Merger and acquisition (M&A) deals among contract research organizations (CROs) have always occurred. But the last few years have seen an unprecedented increase, and industry experts say the trend isn’t slowing down. In 2021 alone, 50 CROs closed M&A deals, compared to just 29 deals the year prior.
M&A deals can be extremely beneficial for small CROs. Being purchased by a larger entity reduces financial uncertainty while presenting opportunities to scale. Likewise, these acquisitions expose small CROs to additional markets and clients.
However, M&A deals can also cause disruption, as teams converge and processes intersect, and these growing pains are often felt by sponsors. As a clinical trial sponsor, it’s ultimately your responsibility to maintain the integrity and quality of the trial data.
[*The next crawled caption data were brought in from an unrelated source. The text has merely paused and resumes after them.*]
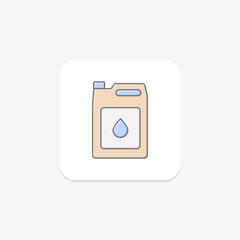 Oil Gallon icon, gallon, fuel, petroleum, liquid, editable vector, pixel perfect, illustrator ai file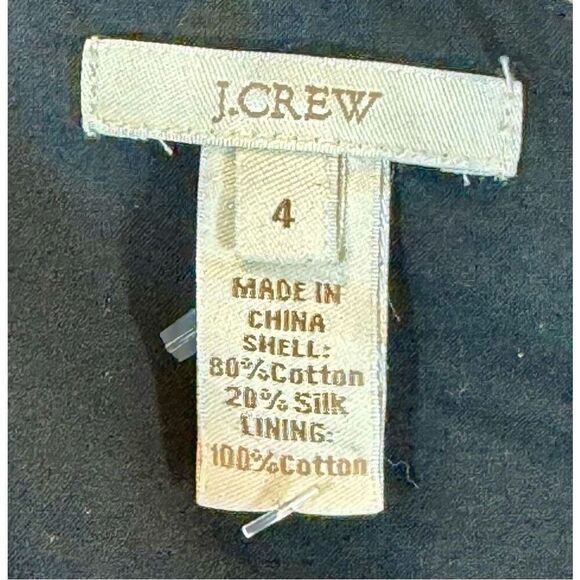 NWOT J.Crew One Shoulder Dark Blue Silk Blend Lined Cocktail Dress With Pockets - Picture 5 of 9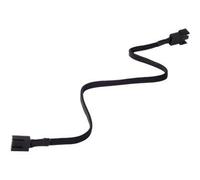 SilverStone CPF03 - Rallonge de câble d'alimentation de ventilateur - MLI à 4 broches (F) pour MLI à 4 broches (M) - 30 cm - noir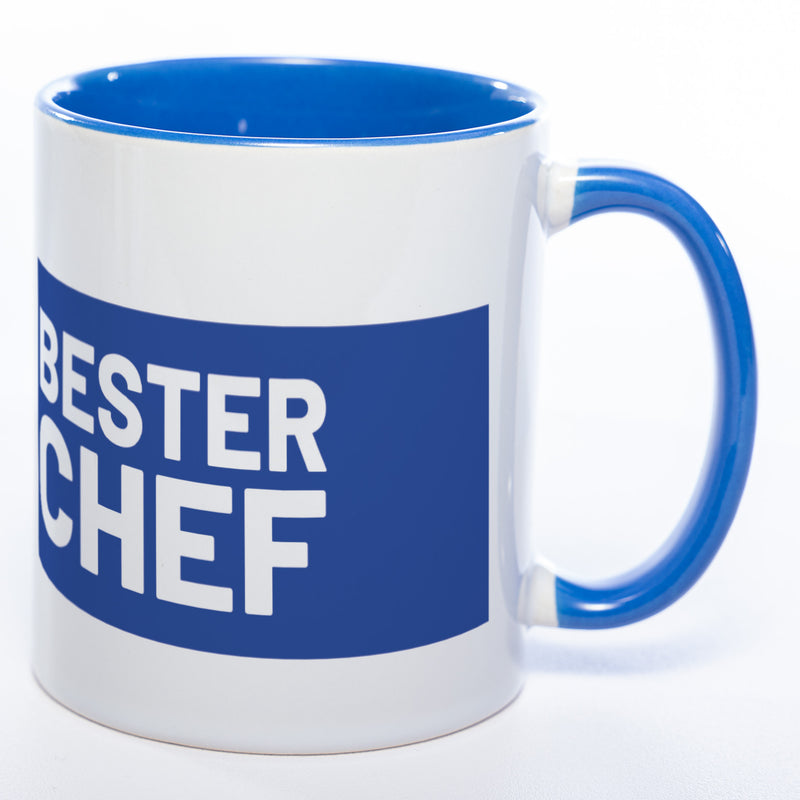 Tasse "Bester Chef" mit Foto (HD Druck) | Jetzt selbst gestalten! Spülmaschinenfest
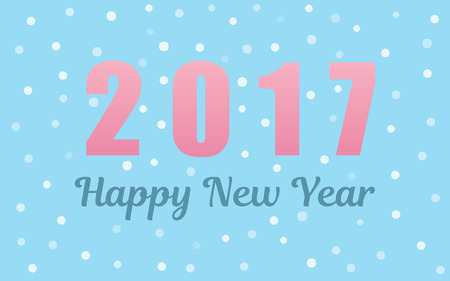 Happy New Year 2017 card with wishes. Vectorのイラスト素材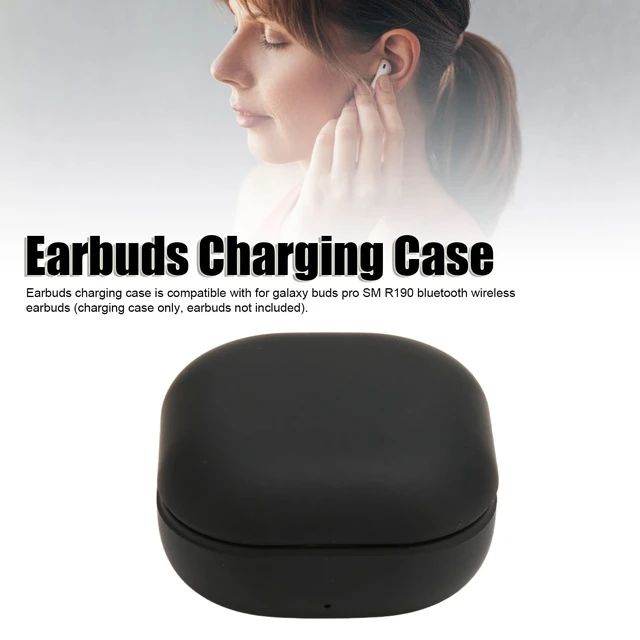 Alt view image 2 of 5 - ASHATA Replacement Charging Case for Buds Pro SM-R190, Wired Charging Dock, Black, No Earbuds Included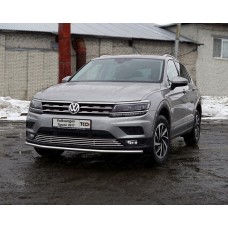 Защита переднего бампера 42,4 мм для Volkswagen Tiguan 2016-2020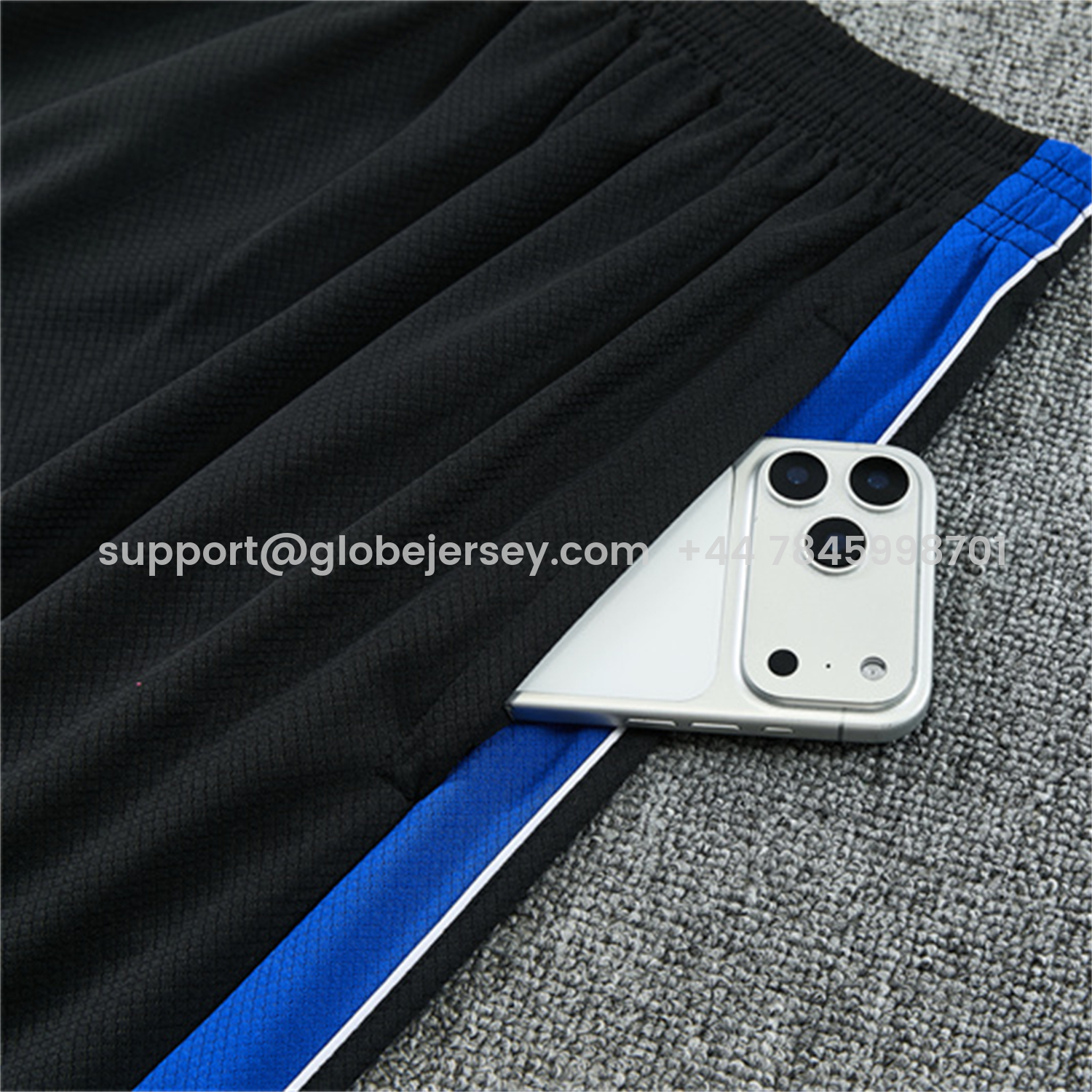 GlobeJersey-Atletico Madrid 26-27 Short-Sleeve Training Set - Green Top and Black Shorts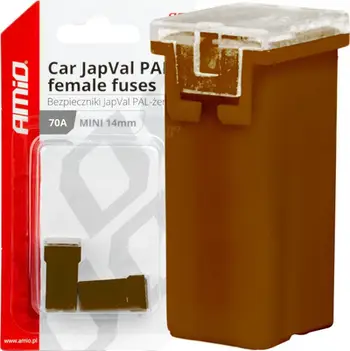 Siguresa makine AMiO JAPVAL PAL, 70A, set 2 copë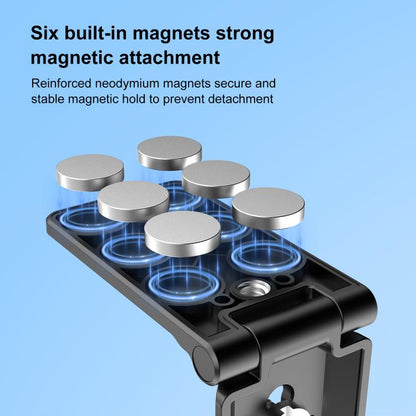 Base de montaje magnético plegable PULUZ en L para Insta360 X4 / X5 / Pocket 3 (negro) — imagen 4
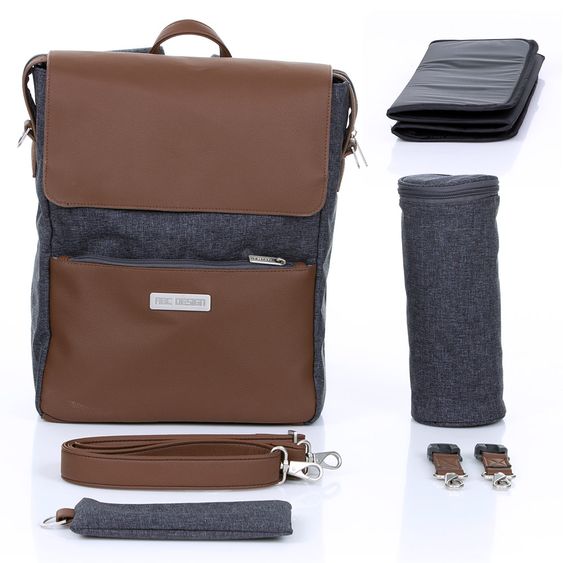 ABC Design Wickel-Rucksack City mit Deckelfach - inkl. Wickelauflage und Zubehör - Street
But if an M&A deal with one or more of your vendors closes during the same time that your trial is being conducted, it can throw a wrench in things; affecting your deadlines and productivity.
In this paper, we look at the growing M&A trend, highlight some of the challenges that M&A deals present, and discuss how investing in vendor oversight services can ensure quality, timeliness, and peace of mind.
Mergers & Acquisitions: A Closer Look at the Numbers
In 2021, the healthcare industry spent about $160 billion on M&A deals, nearly double the amount ($85 billion) spent in 2012. Private equity investors say there’s a good reason for this trend: money.
According to an analysis published earlier this year in Clinical Trials Arena, “CROs are prime cash flow models which makes them very attractive for private equity investors as an asset class.”
Even with all of the financial benefits that M&A deals offer, challenges can arise.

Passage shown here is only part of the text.